On Tue, Jul 23, 2019 at 1:11 PM Yedidyah Bar David <didi(a)redhat.com> wrote:
Hi Nir and all,
In [1] you added line 151, to encode the contents to utf-8. Do you
remember why you needed that? What happens if I remove this line?
I added it because without it installation on Fedora 28 was broken. I don't
remember
what was the error but probably the content was unicode instead of bytes.
I am working on [2]. It fails on that line, because the current
content, if organization name is unicode, has a UTF-8 encoded string
already, but is a python str (not unicode).

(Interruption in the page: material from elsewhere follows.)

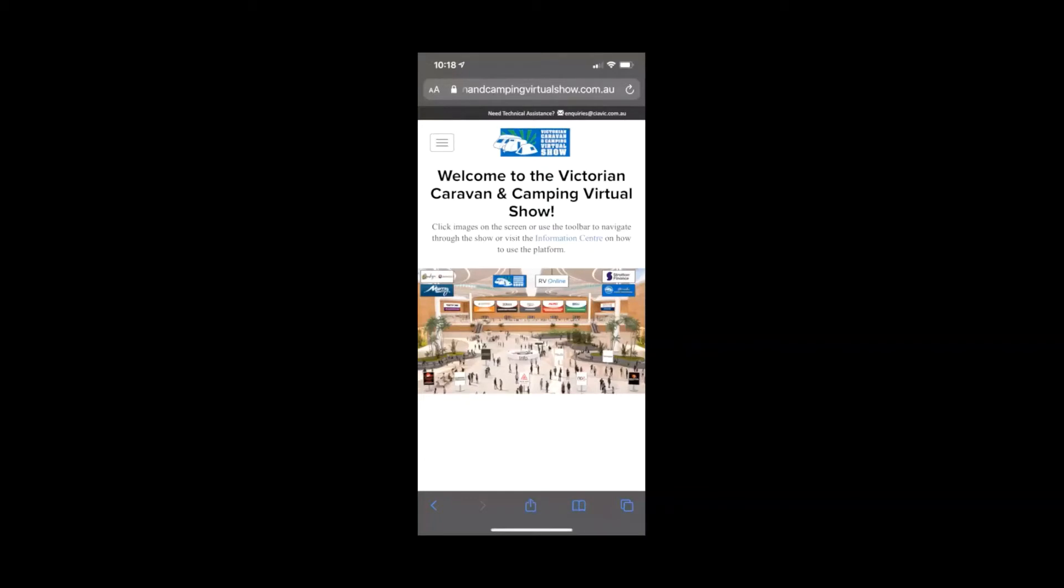That's something that we have picked up. We've let the technical guys know that there could be an issue with the rotation of the screen. But once you're in here, you can click around.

If the content is not unicode, why it goes to the unicode branch?
if binary:
self._content = content
else:
if isinstance(content, list) or isinstance(content, tuple):
self._content = '\n'.join([common.toStr(i) for i in
content])
if content:
self._content += '\n'
else:
self._content = common.toStr(content)
if not self._content.endswith('\n'):
self._content += '\n'
self._content = self._content.encode("utf-8")
It looks like the binary flag value is wrong, or common.toStr() is encoding
the values to bytes.
The common error in python 2 is:
>> text = u"\u05d0"
>> encoded = text.encode("utf-8")
>> encoded.encode("utf-8")
Traceback (most recent call last):
File "<stdin>", line 1, in <module>
UnicodeDecodeError: 'ascii' codec can't decode byte 0xd7 in position 0:
ordinal not in range(128)
But:
>> text = u"ascii"
>> encoded = text.encode("utf-8")
>> encoded.encode("utf-8")
'ascii'
Which seems to be the case in [2].
So if common.toStr() is encoding the values, there is no need to encode the
values
again in line 151.
Tried patching otopi [3],
did a few attempts (some of them also pushed there, check the
different patchsets), but none worked. So I am going to patch
postinstall file generation instead [4], but I don't like this.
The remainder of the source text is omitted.